Es como si en ese primer momento de regreso al mundo desde el reino de los sueños la prenda te dijese, con hostilidad: «No va a salir a la primera. No te va a ser tan fácil».
«Yo, tu pantalón, fui mal acabado en las costuras y, en consecuencia, empiezas mal el día. Ahora vas a tener que repetir el gesto, presta más atención, procura esta vez acertar con la embocadura, o de lo contrario volveré a trabar la salida de tu pie».
«El desierto avanza desde tierra adentro hasta las edificaciones horrendas de las playas abarrotadas»
Maldita sea, nunca debí dejar de usar tejanos. Esto, con los tejanos, no me pasó nunca. ¡Y ahora esta traba, nada más empezar! Luego viene la camisa con sus seis botones, los zapatos, etcétera. Dan ganas de decir «let’s call it a day» y volver a acostarse.
Desde luego, está el cambio climático, las temperaturas que empiezan a subir «más de lo esperado», la campaña de incendios forestales que está en preparación, el desierto avanza desde tierra adentro hasta las edificaciones horrendas de las playas abarrotadas por una plaga de cucarachas… Asesinos condenados a trescientos años de prisión que salen por «buena conducta», mientras la Gestapo de la moral persigue a un borracho que en la discoteca le robó un beso a una petarda…

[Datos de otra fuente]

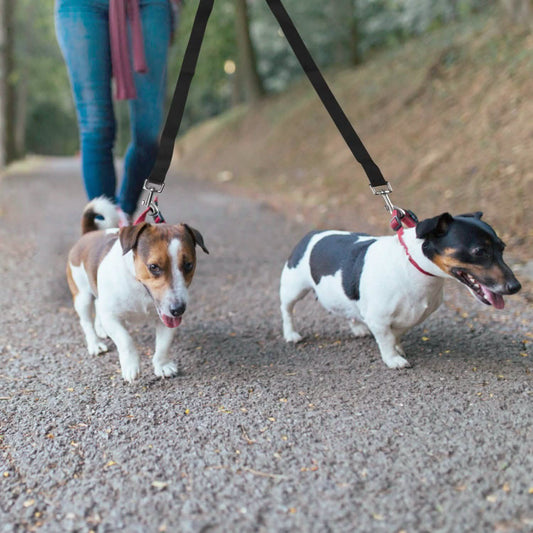 No-Tangle Dual Dogs Leash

… pero también, cuando asistes a un debate en el Parlamento en el que el diputado del PP Juan Bravo le pregunta al vicepresidente Cuerpo: «De técnico comercial a inspector de hacienda: ¿usted ve normal que Zapatero no declarase sus joyas?» [aplausos de su bancada]; y el vicepresidente le responde: «Señor Bravo, de técnico comercial a inspector de Hacienda, su pregunta es ‘¿este Gobierno piensa en las familias españolas?’, por eso permítame que le responda a su pregunta: todas las políticas de este gobierno están orientadas a reforzar el estado de bienestar y proteger una mayor prosperidad de nuestras familias», etc., etc., largo rollo sobre lo bien que lo está haciendo, celebrado por las risas de la otra vicepresidenta, Yolanda Díaz. ¿Qué?
Oh, la pregunta pudo ser capciosa, pero era sucinta y clara, y se podía responder «eso no es de mi incumbencia», o «eso lo decidirá el juez», o «yo no vengo aquí a exponer mis ideas personales» o cualquier otra cosa parecida, pero no esta salida por la tangente tan descarada y falta de decoro. Así es la sede de representación de nuestra soberanía. Et on voudrait que je sois sérieux.

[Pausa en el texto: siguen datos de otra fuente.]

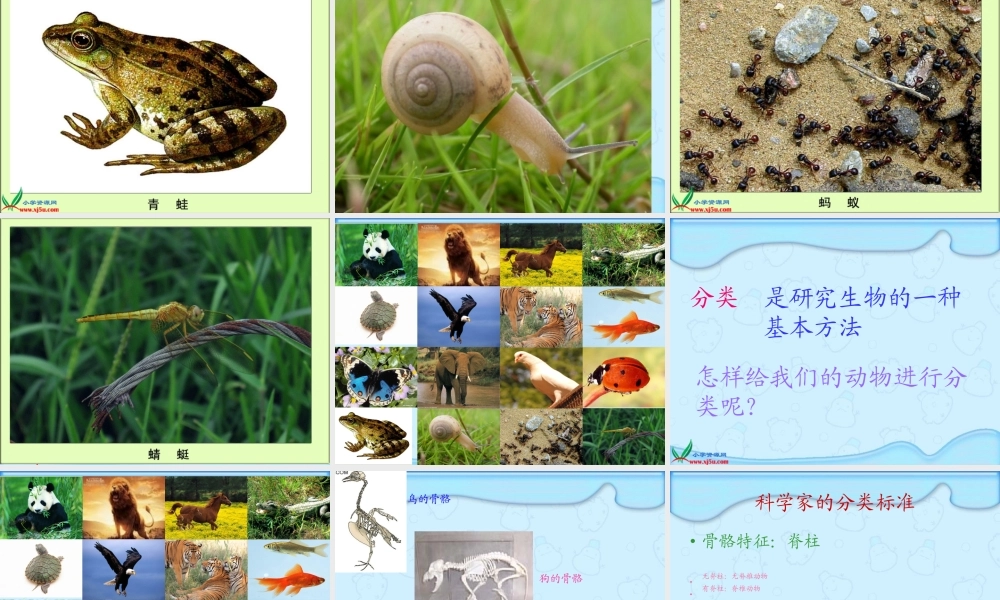 冀教小学科学六上册《4种类繁多的动物》PPT课件.ppt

«Los andenes llenos de charcos, goteras en todas las cubiertas, inundación en la parada de taxis, y esto tras cinco años de obras»
Desde luego, está el sufrimiento de millones, el renacer del Estado Islámico en el Sahel, extendiéndose hacia las costas occidentales del continente africano, llevando a su paso fanatismo, miseria y muerte. Dinamarca llevando bolsas de sangre a Groenlandia, por si Estados Unidos se decide a invadir la isla y hay que defenderla… Bombas en la catedral de Kiev… Todo esto es ciertamente desalentador.
Pero, ¿qué pensarías, si, como yo, hubieses llegado el domingo pasado por la noche a Chamartín? Había estado lloviendo en Madrid durante una hora y media, y los andenes estaban llenos de charcos, goteras en todas las cubiertas, inundación en la parada de taxis, y esto tras cinco años de obras que no han valido para impermeabilizar unas marquesinas de plástico.
Pocas cosas más deprimentes que tener goteras en casa. Ni siquiera el sonido nostálgico de un acordeón en el muelle, al anochecer. Ese tac, tac, tac de la gota que cae en el cubo que se va llenando. No sé si las autoridades pertinentes las habrán ya detectado y se apresurarán a repararlas. No sé si estas en concreto son solo un signo de la chapuza que llevamos en la masa de la sangre como una maldición gitana, o de algo peor.
Batalla campal a machetazos, en la rambla del Raval de Barcelona, entre cuarenta argelinos y afganos… Lacerante, sí… ¿y las goteras, las goteras melancólicas de Chamberí?